Born in 1932 in Hespérange, Luxembourg, Arthur Unger lives and works in Luxembourg.
Arthur’s work has been exhibited all over the world in important spaces such as the Guan Shanyue Museum of Modern Art in Shenzen where he had a retrospective exhibition that travelled to the Liu Haisu Museum of Modern Art in Shanghai. As well as at the Cultural Centre of the Grand Duchy of Luxembourg, in Berlin, at the Barblé Centre in Strasen, Luxembourg, at the Millennium Museum in Beijing and in several galleries.
In 1971, he was awarded the Grand Duke Adolphe Prize. Michel Tapié, the famous French critic, curator and collector, deeply interested and amazed by Unger’s work, wrote most of the forewords to Arthur’s exhibitions. Arthur is a wanderer, interested in culture in general and artistic techniques. Unger’s inquisitive nature was inspired by his travels, mainly in Africa, where he lived for many years.
Arthur studied management and administration. As a young man he went to the Congo where he lived with the Lunda and Baluba tribes. This experience had a great influence on his work. After five years he moved to Paris and made his first watercolours and drawings. After a few years, he returned to his native region where he began to develop his own techniques, in particular what he called « pyrochemograms on copper ». By a process which is his own – and which he keeps « secret » – he treats copper sheets, on which he paints them with Indian ink and then, under the influence of a flame, he treats the sheet and the paint and creates incredible shapes and colours. Some of his leaves are more than 4 metres high.
Looking at Unger’s works, one feels the overwhelming heat of the countries surrounding the desert. At nightfall, one can hear a distant drum and the haunting chants that surround the ritual dances.

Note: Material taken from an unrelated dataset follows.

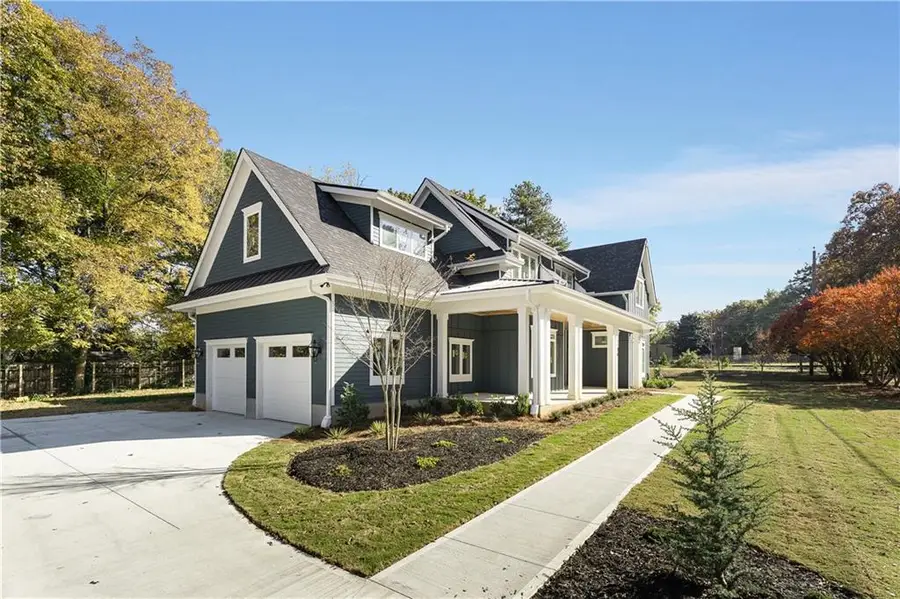 1120 Milam Circle, Clarkston, GA 30021 - Image #3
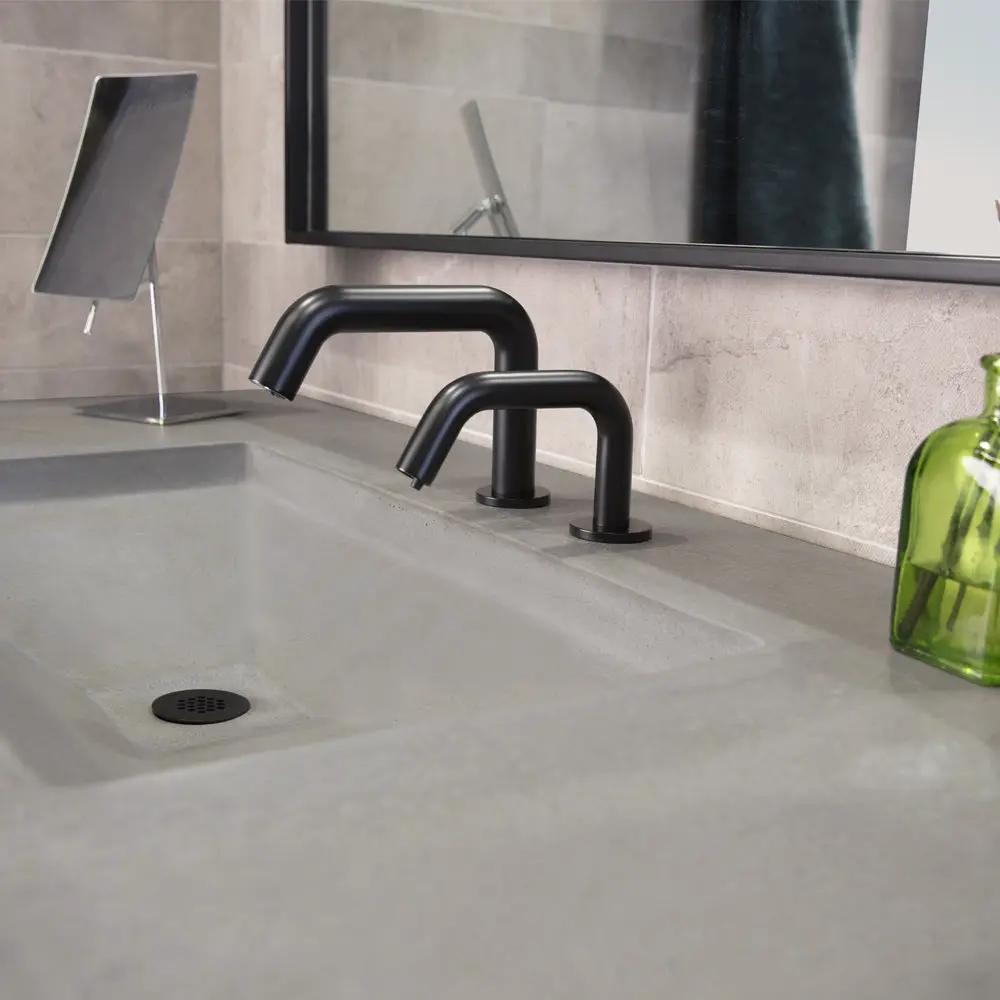 slate sink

The light of the fire makes the shadows dance on the masks. It is these furtive moments that Arthur Unger manages to capture and transmit to us.
Arthur Unger’s artistic life is – as much as by fire – inspired by water. Driven by the power of Asian calligraphy, which he has mastered, the artist takes us into a celestial universe with his Chinese inks. Here again, he has developed a very special process, which he also keeps secret. The power that arises from his work with water is striking. There is a permanent confrontation of the materials – earth – air – water.
The encounter with her works and the encounter with the artist are of a rare intensity and beauty.